* _Supplied material_
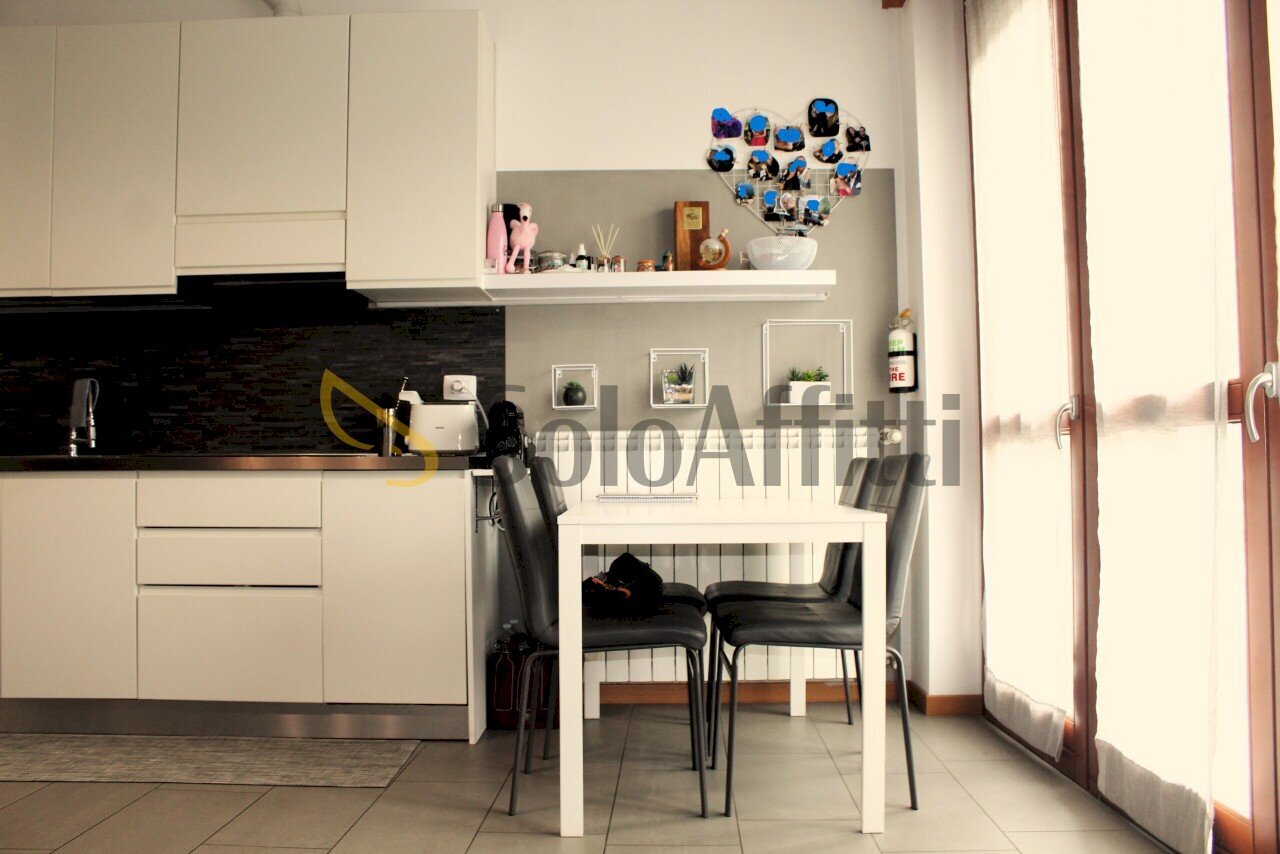 Soggiorno.JPG - Appartamento Via Sant'Ambrogio, Parabiago - foto 3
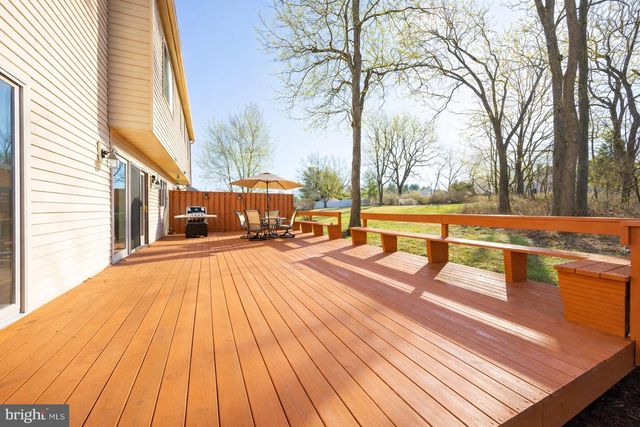 2041 SPRING VALLEY RD, Lansdale, PA 19446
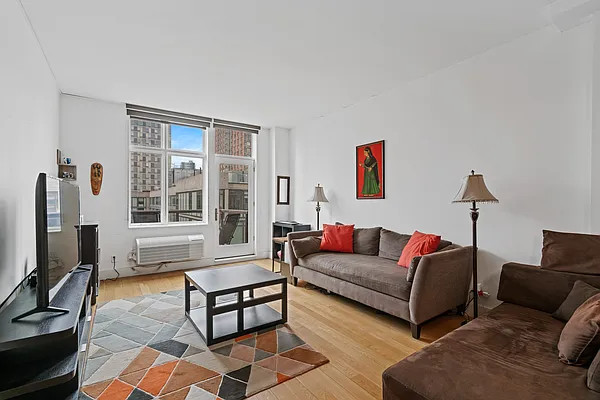 Rented by Nest Seekers International | media 18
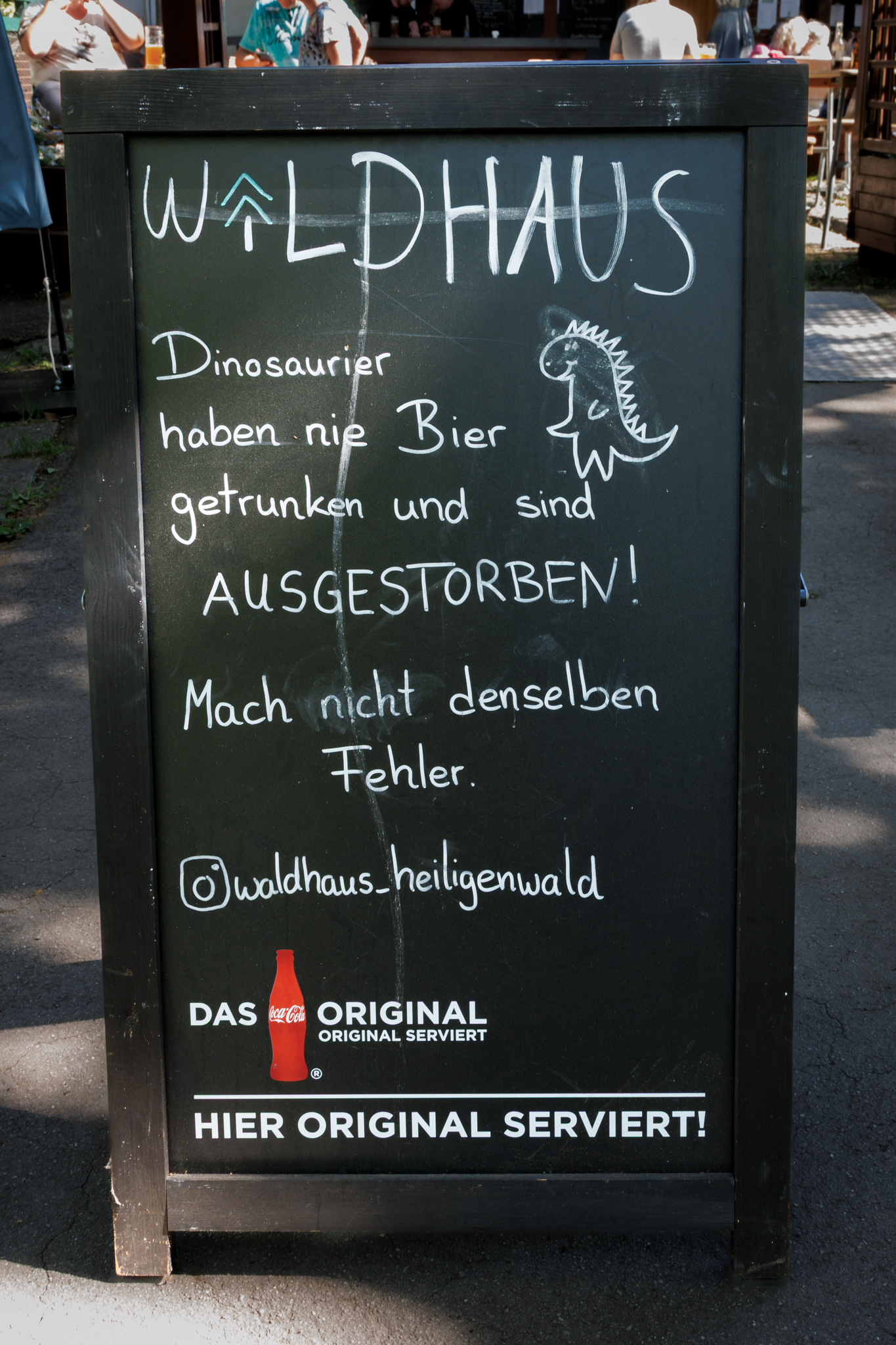 Eine Kreidetafel vor dem Gasthaus am Itzenplitzer Weiher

* _What the task requires_
Once the pictures are set aside, repeat the data above exactly as written.

* _Solution to the exercise_
 Soggiorno.JPG - Appartamento Via Sant'Ambrogio, Parabiago - foto 3
 2041 SPRING VALLEY RD, Lansdale, PA 19446
 Rented by Nest Seekers International | media 18
 Eine Kreidetafel vor dem Gasthaus am Itzenplitzer Weiher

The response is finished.